▶ _Exercise brief_
From the line that holds "Мотоцикл Yamaha YZF-R25" to the last line below, retype everything exactly and nothing else; omit pictures.

▶ _Raw data_
──────────
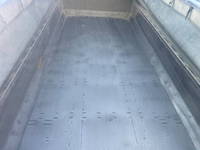 UDトラックスクオンダンプ大型（10t）[写真11]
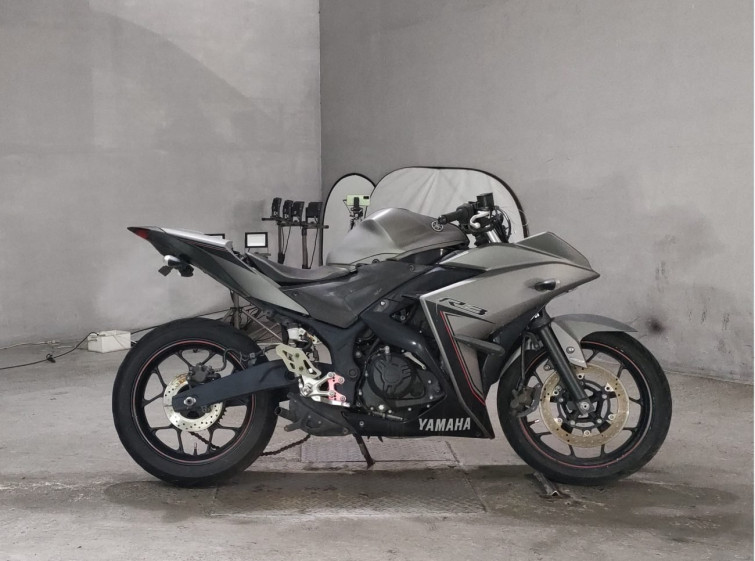 Мотоцикл Yamaha YZF-R25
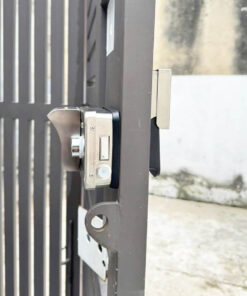 khóa vân tay cửa cổng Laffer A18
──────────
▶ _Task output_
 Мотоцикл Yamaha YZF-R25
 khóa vân tay cửa cổng Laffer A18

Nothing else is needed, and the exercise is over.